_WHAT THE TASK ASKS_: For the material that follows, return exactly the lines from the one with "this 620×380 image." through the one with "this 336×188 image.", both ends included.

_RECORDS TO USE_:
- Opening Delimiter -

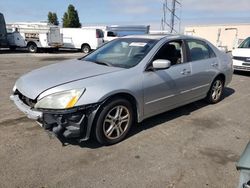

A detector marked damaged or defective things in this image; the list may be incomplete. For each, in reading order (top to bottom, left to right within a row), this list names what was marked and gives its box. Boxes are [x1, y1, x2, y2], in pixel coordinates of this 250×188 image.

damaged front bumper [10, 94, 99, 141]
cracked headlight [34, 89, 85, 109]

- Closing Delimiter -
- Opening Delimiter -

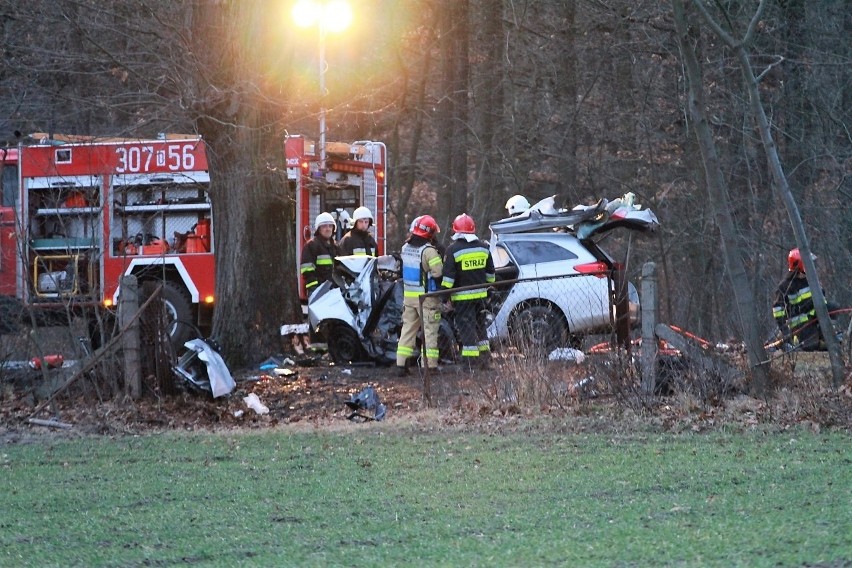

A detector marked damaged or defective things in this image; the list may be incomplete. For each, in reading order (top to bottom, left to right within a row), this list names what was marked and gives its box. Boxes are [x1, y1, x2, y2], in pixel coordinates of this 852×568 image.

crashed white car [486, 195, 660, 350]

- Closing Delimiter -
- Opening Delimiter -

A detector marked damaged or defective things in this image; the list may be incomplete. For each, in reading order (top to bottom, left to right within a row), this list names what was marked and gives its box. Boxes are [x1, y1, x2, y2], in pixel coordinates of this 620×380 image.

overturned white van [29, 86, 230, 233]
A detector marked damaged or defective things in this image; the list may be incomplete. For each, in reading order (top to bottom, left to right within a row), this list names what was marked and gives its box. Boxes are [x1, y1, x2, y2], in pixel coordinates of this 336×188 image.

- Closing Delimiter -

_SOLVED EXERCISE_:
A detector marked damaged or defective things in this image; the list may be incomplete. For each, in reading order (top to bottom, left to right within a row), this list names what was marked and gives its box. Boxes are [x1, y1, x2, y2], in pixel coordinates of this 620×380 image.

overturned white van [29, 86, 230, 233]
A detector marked damaged or defective things in this image; the list may be incomplete. For each, in reading order (top to bottom, left to right within a row), this list names what was marked and gives its box. Boxes are [x1, y1, x2, y2], in pixel coordinates of this 336×188 image.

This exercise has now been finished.